The records below are to be restated word for word; their pictures are not.

Data for this exercise:
/---
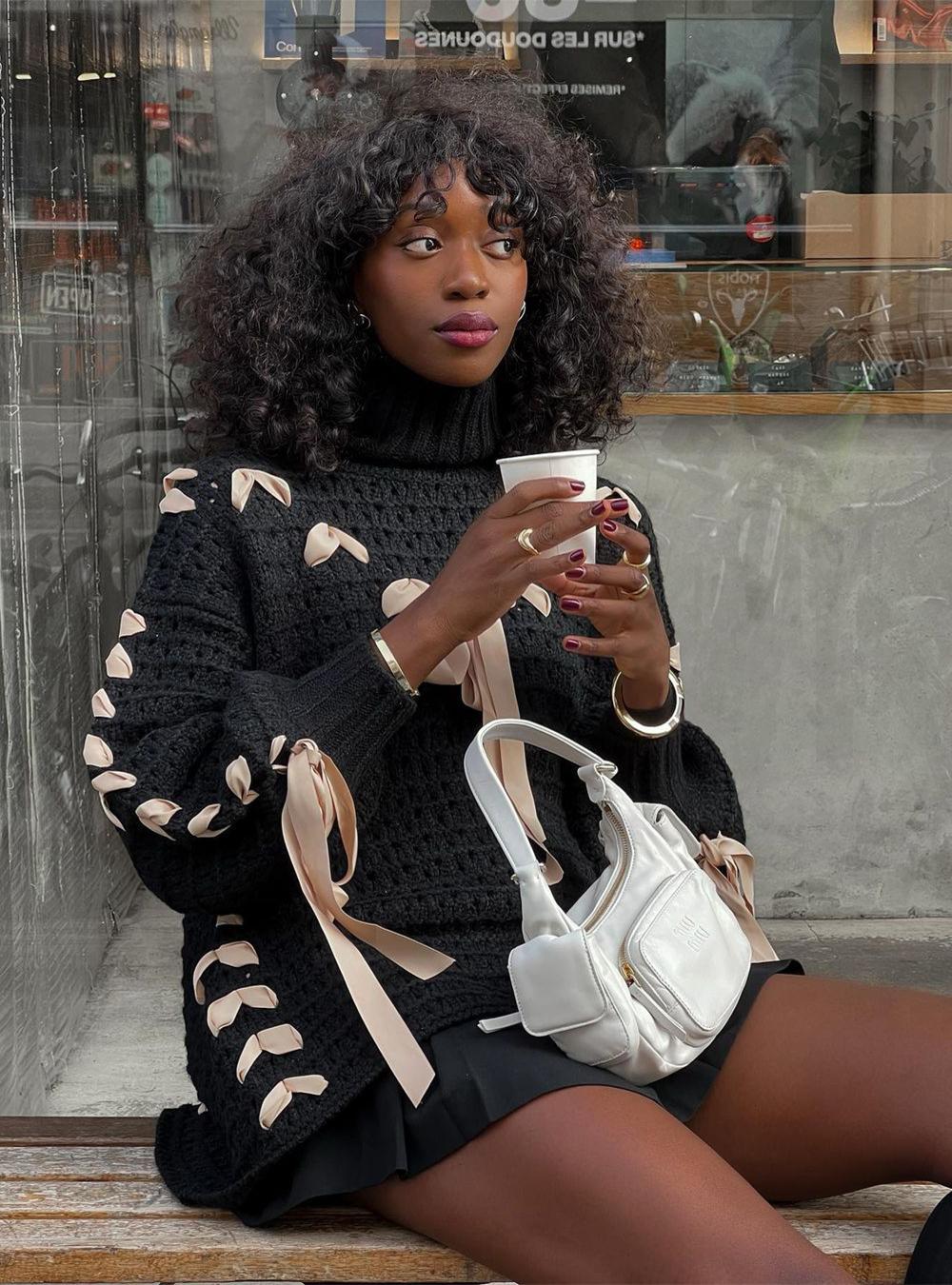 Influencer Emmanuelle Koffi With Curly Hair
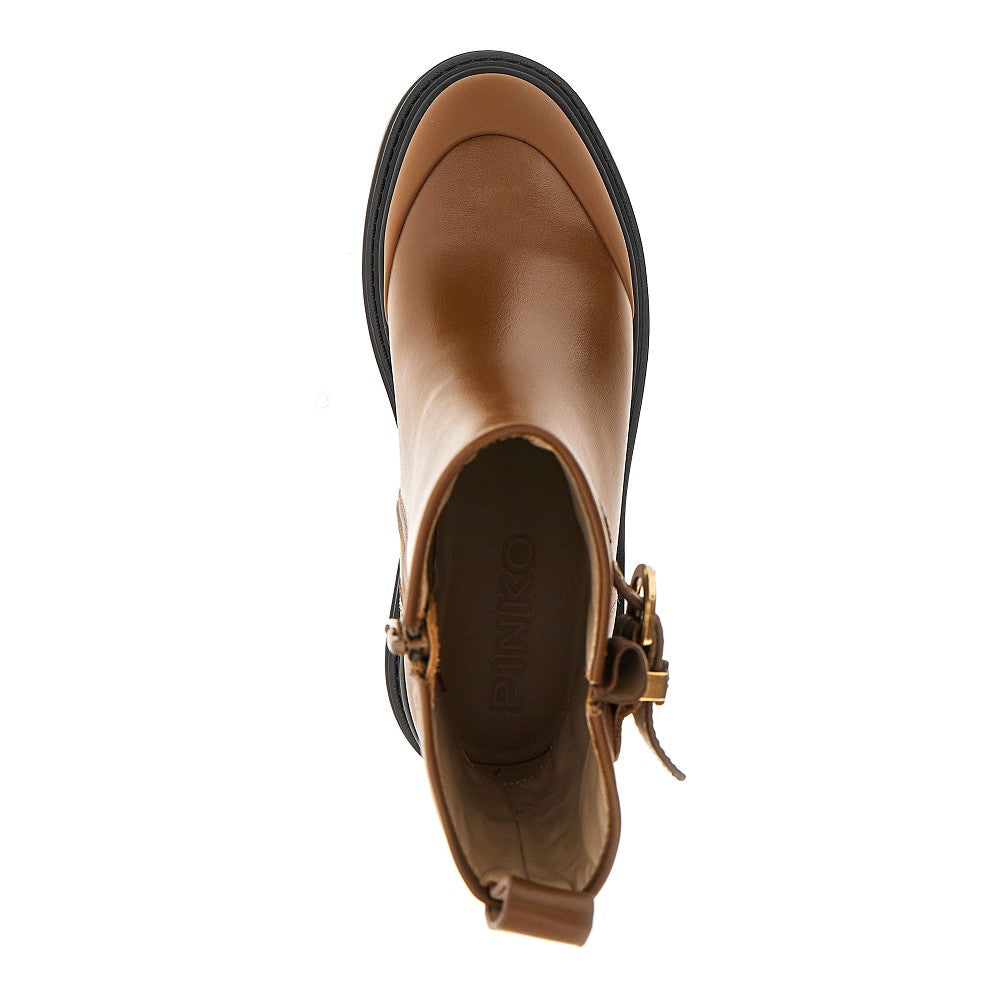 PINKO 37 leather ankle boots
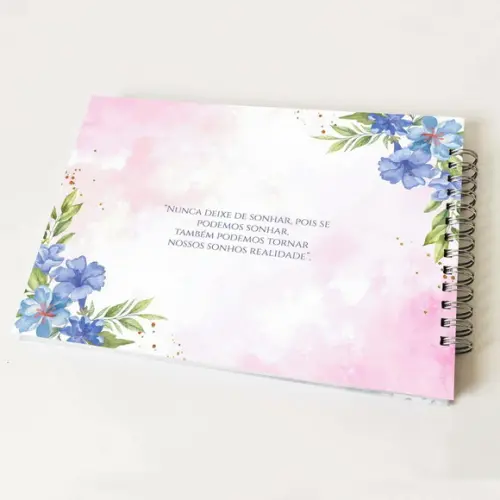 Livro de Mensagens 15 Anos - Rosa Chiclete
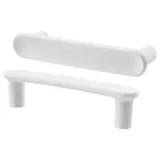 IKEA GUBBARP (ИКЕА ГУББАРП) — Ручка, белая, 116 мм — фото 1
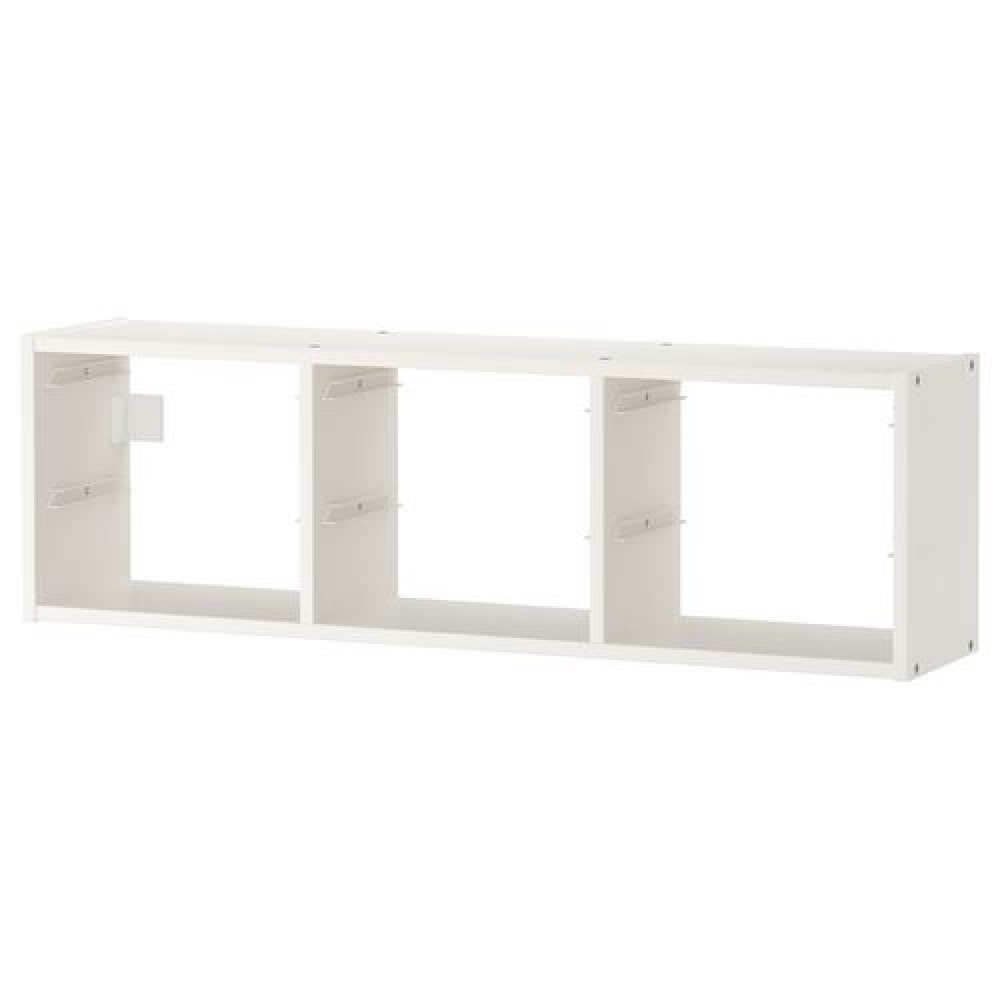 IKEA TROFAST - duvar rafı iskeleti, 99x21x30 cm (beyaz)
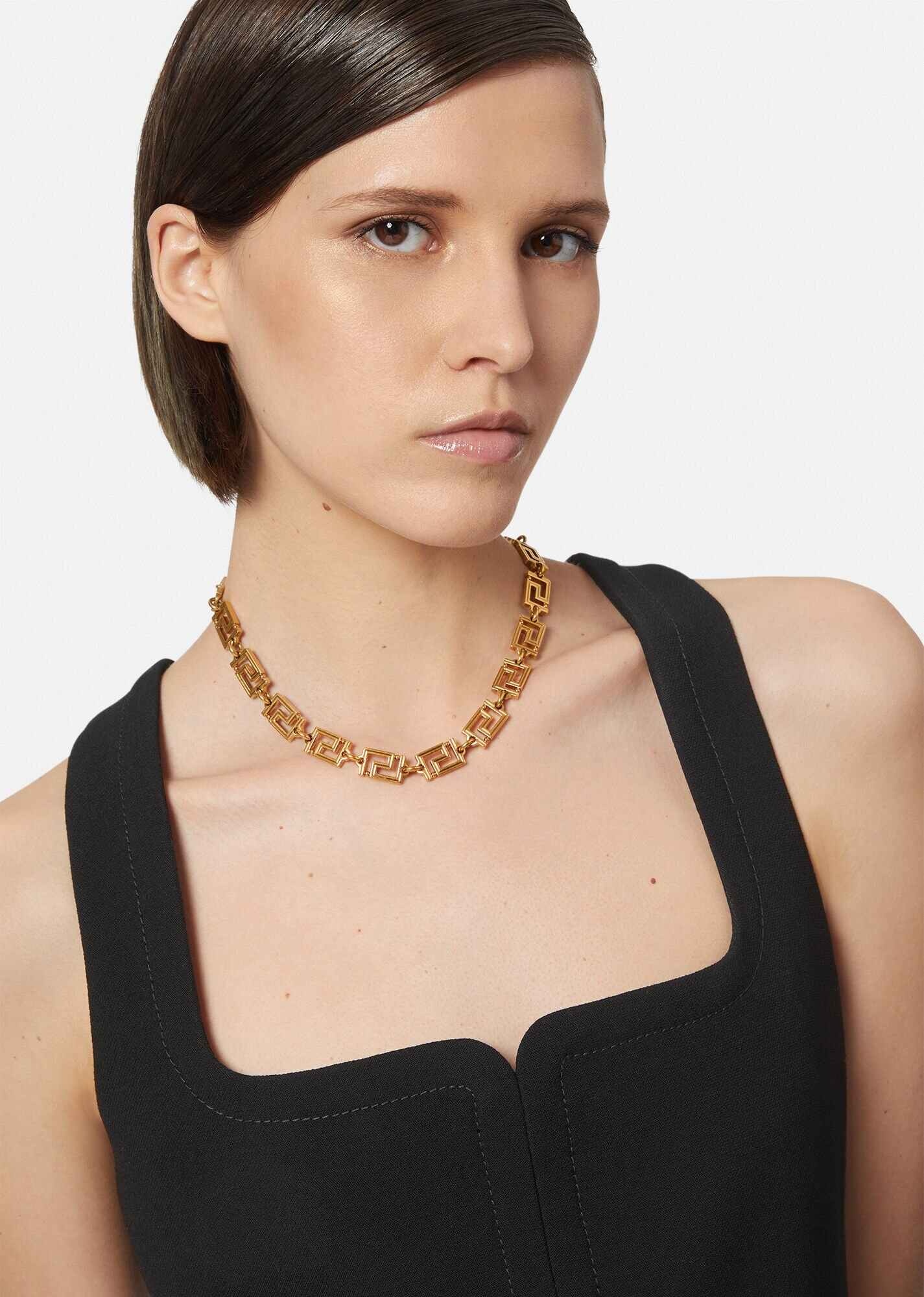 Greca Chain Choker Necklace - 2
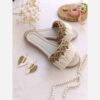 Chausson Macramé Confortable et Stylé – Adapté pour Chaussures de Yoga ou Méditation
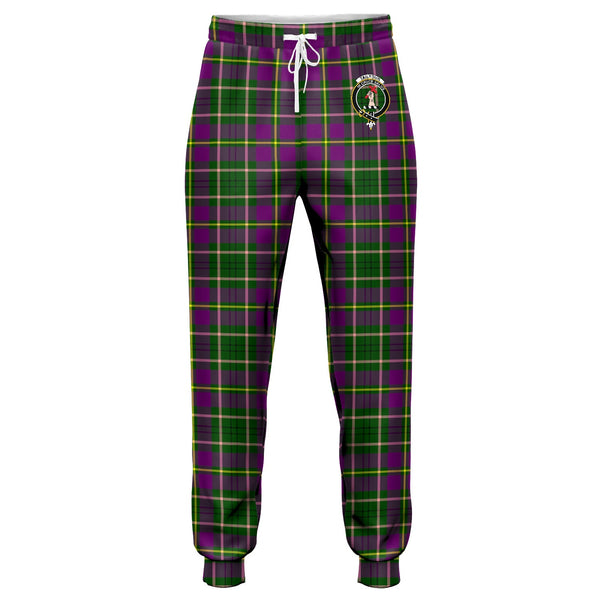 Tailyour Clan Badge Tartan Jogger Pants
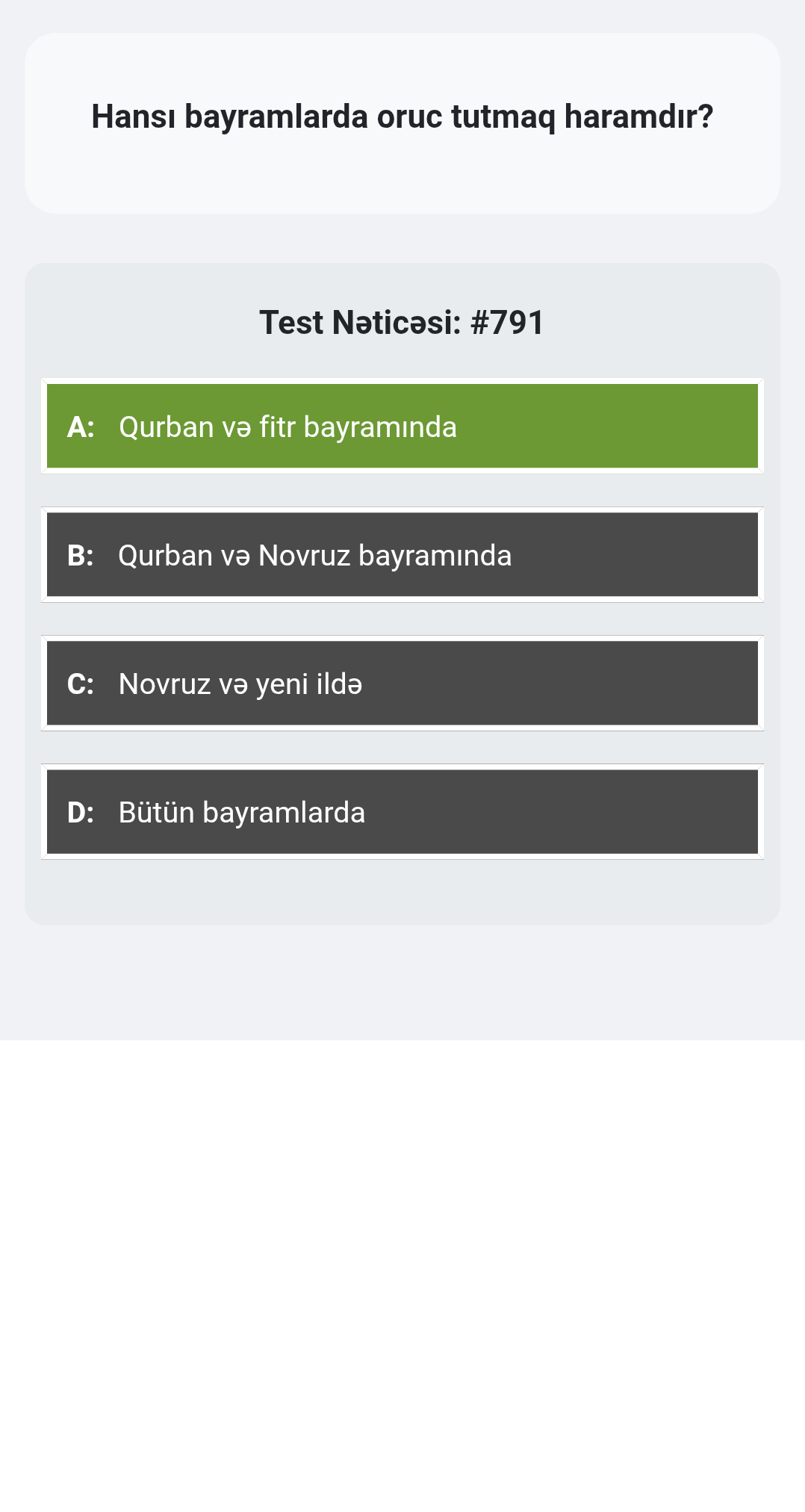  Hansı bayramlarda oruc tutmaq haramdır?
\---
Task output:
 Influencer Emmanuelle Koffi With Curly Hair
 PINKO 37 leather ankle boots
 Livro de Mensagens 15 Anos - Rosa Chiclete
 IKEA GUBBARP (ИКЕА ГУББАРП) — Ручка, белая, 116 мм — фото 1
 IKEA TROFAST - duvar rafı iskeleti, 99x21x30 cm (beyaz)
 Greca Chain Choker Necklace - 2
 Chausson Macramé Confortable et Stylé – Adapté pour Chaussures de Yoga ou Méditation
 Tailyour Clan Badge Tartan Jogger Pants
  Hansı bayramlarda oruc tutmaq haramdır?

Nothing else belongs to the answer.